In December 2016, the company Layer-Großhandels GmbH (Layer) inaugurated a new, modern center for safety engineering at its headquarters in Tettnang. The four-storey building of the wholesale store was constructed in just eight months, using a reinforced concrete skeleton structure. In addition to a generous exhibition space of roughly 700m², it offers plenty of space for offices, training rooms, storage and an apartment on the top floor. The usable floor space is over 2.000m². Highlight: the commercial building is heated and air-conditioned throughout the year without fossil fuels. Deep geothermal probes and concrete core activation make this possible.

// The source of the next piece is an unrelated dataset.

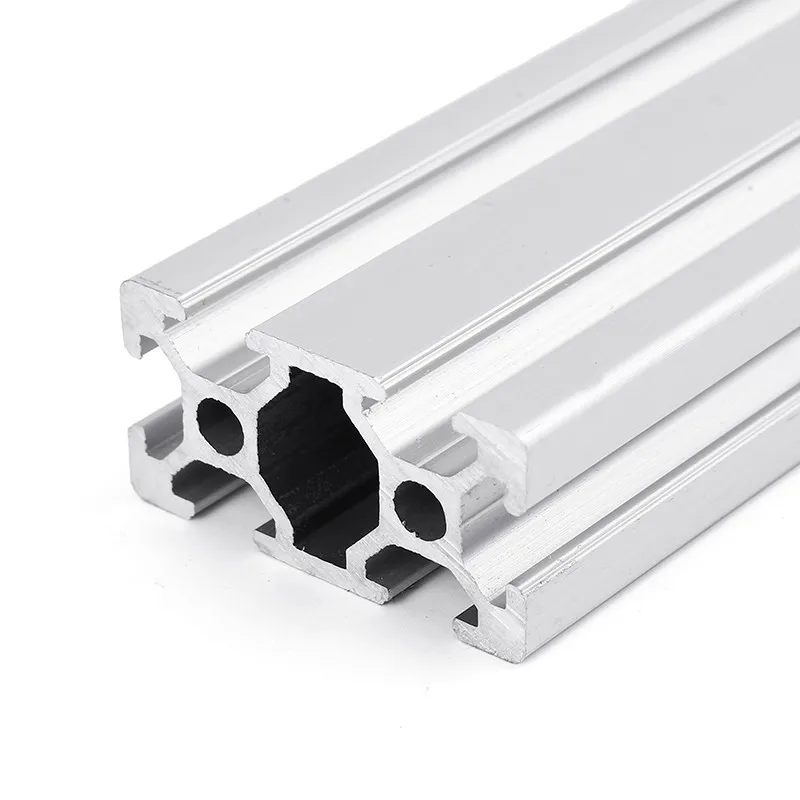SULEVE New 1PC 2040 1000mm Length T-Slot Aluminum Profiles Extrusion Frame For CNC 3D Printer Plasma Lasers Stands Furniture
SULEVE New 1PC 2040 1000mm Length T-Slot Aluminum Profiles Extrusion Frame For CNC 3D Printer Plasma Lasers Stands Furniture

The wholesale store was built by general contractor Biedenkapp Industriebau GmbH from Wangen. Schneider Gebäudetechnik GmbH was responsible for the building services. The MEP engineering office, founded in 2015, operates with four employees and implements projects in the tri-state area around Lake Constance. In addition to building services, energy management and system optimization are part of their service portfolio. For the Layer project, Schneider has engineered and simulated geothermal energy, heating, ventilation, air conditioning and plumbing system, by applying modern methods of Building Information Modeling (BIM). Tobias Schneider and his team used the Open BIM software DDS-CAD to engineer all MEP systems.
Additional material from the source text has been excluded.